Molecular and immunochemical characterization of profilin as major allergen from Platanus acerifolia pollen

Abstract

BackgroundThe Platanus acerifolia (P. acerifolia) pollen is one of the most common causes of allergic respiratory symptoms in China. However, the allergenic components in P. acerifolia are not fully studied yet. The study aimed to determine the molecular and immunochemical characterization of the profilin from P. acerifolia pollen. MethodsThe coding sequence of profilin was amplified, cloned, and then expressed in Escherichia coli BL21 cells and purified by nickel affinity chromatography.

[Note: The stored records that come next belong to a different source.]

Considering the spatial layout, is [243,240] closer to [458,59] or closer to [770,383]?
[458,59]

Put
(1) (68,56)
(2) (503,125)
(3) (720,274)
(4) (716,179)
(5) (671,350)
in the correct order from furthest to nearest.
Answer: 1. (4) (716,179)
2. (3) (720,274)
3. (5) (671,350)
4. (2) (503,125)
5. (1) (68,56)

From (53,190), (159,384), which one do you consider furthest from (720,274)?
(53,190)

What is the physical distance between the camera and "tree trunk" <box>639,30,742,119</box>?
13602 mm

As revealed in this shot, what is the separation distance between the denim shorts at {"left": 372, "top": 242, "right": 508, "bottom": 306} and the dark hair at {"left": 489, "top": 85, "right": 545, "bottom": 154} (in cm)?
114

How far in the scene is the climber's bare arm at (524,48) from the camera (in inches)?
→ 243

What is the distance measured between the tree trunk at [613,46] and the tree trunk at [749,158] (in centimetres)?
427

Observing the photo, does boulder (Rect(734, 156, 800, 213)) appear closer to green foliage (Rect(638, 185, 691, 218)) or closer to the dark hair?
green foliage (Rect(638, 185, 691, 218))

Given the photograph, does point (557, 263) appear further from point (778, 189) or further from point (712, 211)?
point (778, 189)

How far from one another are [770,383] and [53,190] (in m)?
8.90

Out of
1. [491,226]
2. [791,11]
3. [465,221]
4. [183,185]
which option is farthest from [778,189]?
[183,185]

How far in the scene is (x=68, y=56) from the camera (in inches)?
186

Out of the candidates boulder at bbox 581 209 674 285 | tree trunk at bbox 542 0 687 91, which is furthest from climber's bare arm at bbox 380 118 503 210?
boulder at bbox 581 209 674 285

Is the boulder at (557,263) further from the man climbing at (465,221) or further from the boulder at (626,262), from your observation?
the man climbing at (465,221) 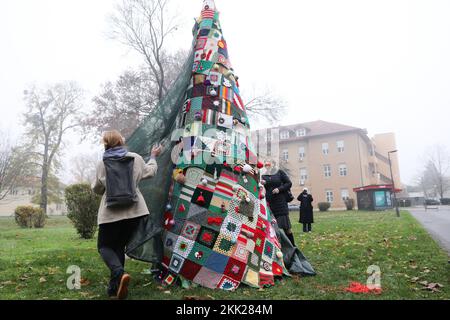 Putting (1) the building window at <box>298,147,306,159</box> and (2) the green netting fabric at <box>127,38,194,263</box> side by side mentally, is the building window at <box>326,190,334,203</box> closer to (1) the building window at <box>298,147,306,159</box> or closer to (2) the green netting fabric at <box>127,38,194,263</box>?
(1) the building window at <box>298,147,306,159</box>

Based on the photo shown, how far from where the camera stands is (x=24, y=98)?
116ft

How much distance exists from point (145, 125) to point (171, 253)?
6.16 ft

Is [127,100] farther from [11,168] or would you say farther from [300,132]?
[300,132]

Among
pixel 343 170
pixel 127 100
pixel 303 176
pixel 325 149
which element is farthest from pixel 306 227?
pixel 303 176

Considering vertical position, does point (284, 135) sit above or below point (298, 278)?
above

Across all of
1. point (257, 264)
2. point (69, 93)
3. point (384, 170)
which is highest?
point (69, 93)

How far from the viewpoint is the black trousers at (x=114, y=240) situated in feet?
12.8

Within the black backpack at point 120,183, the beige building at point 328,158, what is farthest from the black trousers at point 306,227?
the beige building at point 328,158

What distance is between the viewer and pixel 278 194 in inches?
270

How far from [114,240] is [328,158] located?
154 ft

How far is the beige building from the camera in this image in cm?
4656

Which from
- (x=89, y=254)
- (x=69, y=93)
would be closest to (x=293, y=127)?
(x=69, y=93) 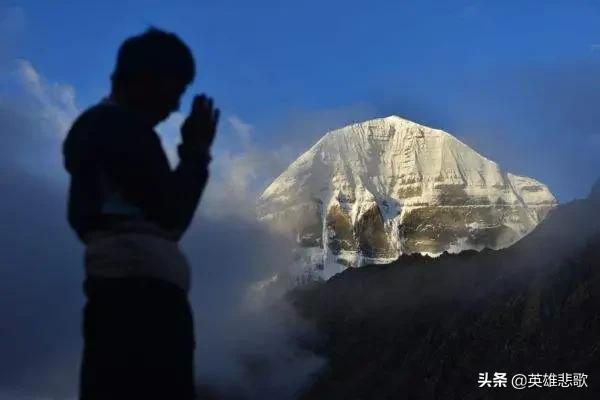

Protein refolding was followed by structural characterization and homology 3D model building. The allergenicity and cross-reactivity were assessed by ELISA, immunoblotting, or basophil activation test (BAT) using the sera of P. acerifolia allergic patients. ResultsThe cDNA sequence of profilin was cloned with a 396 bp open reading frame coding for 131 amino acids. The molecular weight of the profilin was approximately 14 kDa, and the predicted structure consisted of 3 α-helixes and 7 β-sheets. Physicochemical analysis indicated the profilin was a stable, relatively thermostable, and relatively conserved protein. The allergenicity determined by ELISA, western blot, and BAT suggested 76.9% (30/39) of the P. acerifolia pollen allergic patients displayed specific IgE recognition of the profilin. The profilin shared > 80% sequence identity with Pop n 2, the profilin from Populus nigra, and observed a significant cross-reactivity with Pop n 2 in IgE-inhibition assay. ConclusionProfilin, as one of the major component allergens in P. acerifolia pollen, was identified and characterized at molecular and immunochemical levels in this study. These findings would contribute to developing diagnostic and therapeutic strategies for P. acerifolia pollen allergic patients.